After lunch we go to one of the two weekly MTD assemblies which are happening simultaneously in Admiralte Brown that afternoon. Besides piles of burnt plastic and a ruined wall with a circle A and the words "False Euphoria" graffitied onto it, a group of 70 or more people stand in a makeshift circle. Raising their voices against the cold biting wind, they openly discuss the problems of the last week, share information and make plans for the following days.
A key event will be next week's commemoration of the June repression. Activists from the United States, part of Art and Revolution, one of the key groups involved in the Direct Action Network that Shut down the World Trade Organisation ministerial meeting in 1999 in Seattle, have been working with the piqueteros here over the last few days building giant puppets out of cardboard for the commemoration events. A young woman proudly presents her puppet, attached to a long stick which she holds high in the air.
It's mostly women who do the speaking at the assemblea. Earlier, Anna had told to me how woman are the ones who are hit hardest by unemployment. When there is no food to put on the table, no clothes to dress the children in, it is they who are at the sharp end of poverty. Often the men feel rejected and are paralysed by the loss of identity which follows unemployment and in many cases it has been the women who have been the first to get out of the home into the streets to take part in piquetes. "Women's struggle is the pillar of the movement," she tells me.

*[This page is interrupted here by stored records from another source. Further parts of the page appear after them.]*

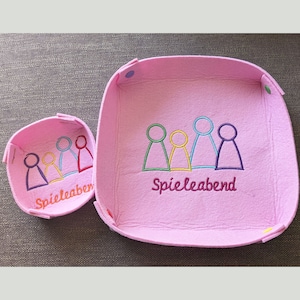 Könnte beinhalten: Zwei rosa Filzschalen mit gestickten Spielfiguren und dem Text "Spielabend". Die kleinere Schale hat vier Spielfiguren und die größere Schale hat fünf Spielfiguren.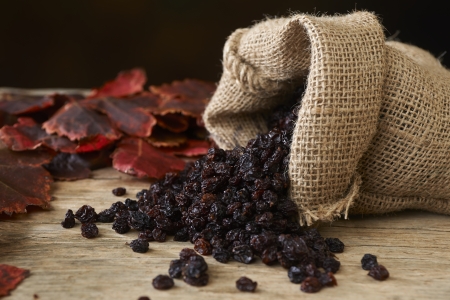Black raisins in burlap bag over wooden tableの写真素材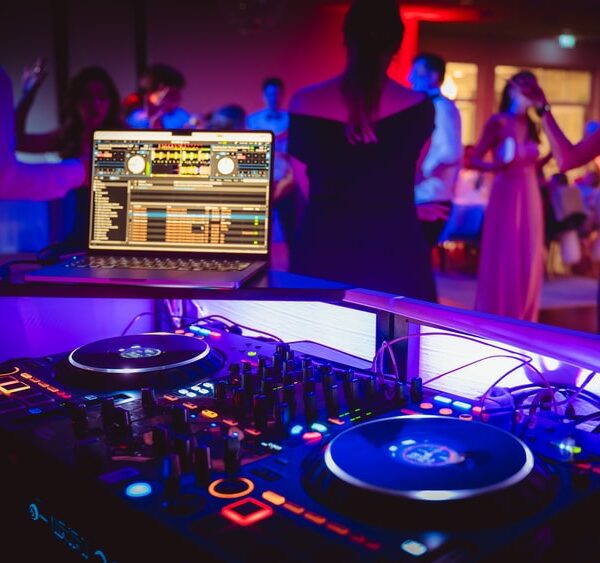 DJ-Ausrüstung und Laptop mit bunten Lichtern in einem Party-Lokal, im Hintergrund tanzen Menschen.
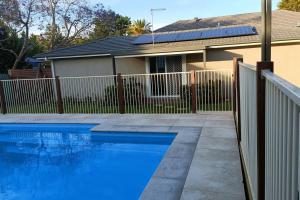 ein blauer Pool vor einem Haus in der Unterkunft New and Cozy 2 Bedrooms Granny Flat with Aircon & Pool in Baulkham Hills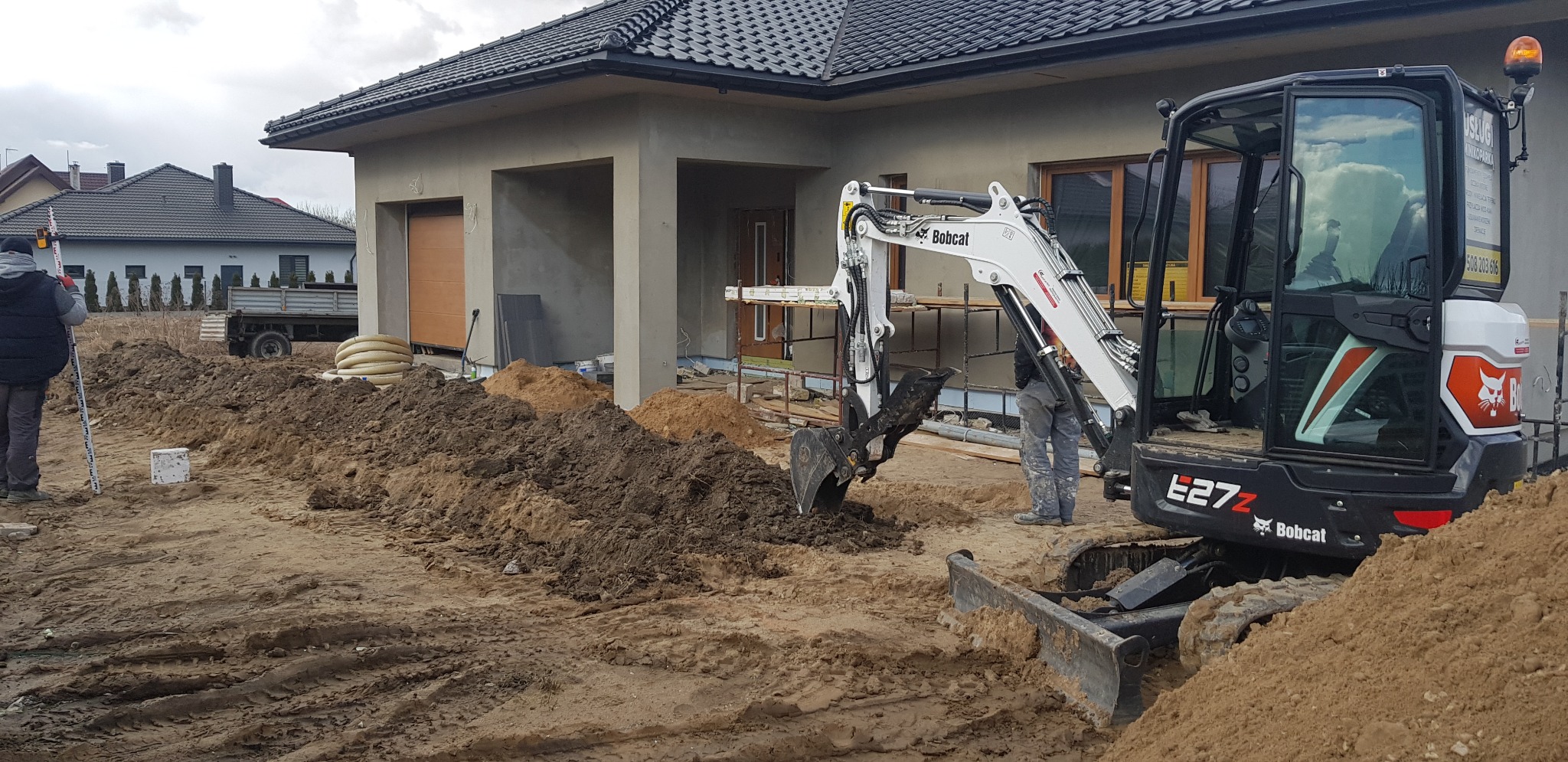Biała mini koparka Bobcat E27Z pracuje przy wykopie obok domu w trakcie budowy; widoczny pracownik z niwelatorem optycznym.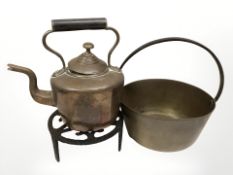 An antique brass jam pan, diameter 18 cm, together with a Victorian kettle and a trivet stand.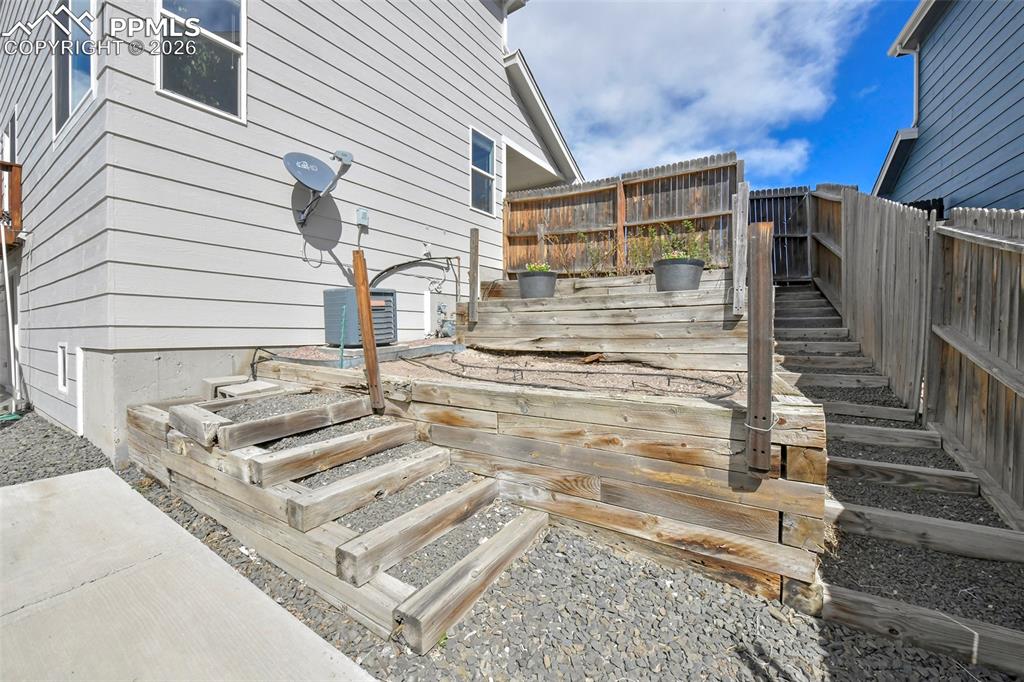 Image 38 of 46: Terraced side yard for gardening with wood retaining walls and steps
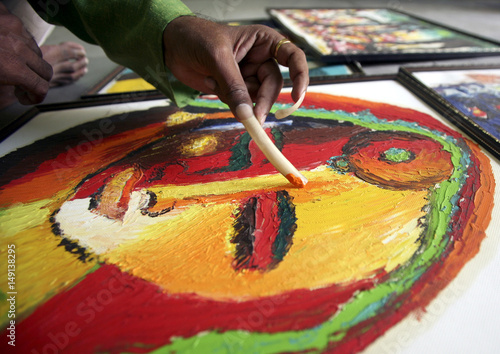 Nail Artist Paints On A Canvas During A Painting Exhibition In The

Astor's mother had joined the movement before him. He had a job selling loans for new cars, and every time he saw his elderly mother on TV, masked up and blocking the highways, he would cringe with embarrassment. But now no one buys cars and the job disappeared. So one day he went to the piquetero assembly out of curiosity, and he saw how women, many of them elderly, many of whom had never had the possibility to make decisions or express important things about their lives, were able to put up their hand and talk freely and people would listen to them. They would propose good ideas and then they would then go into the streets for their children's sake. Astor has three children and soon he realised that he had to join the movement too.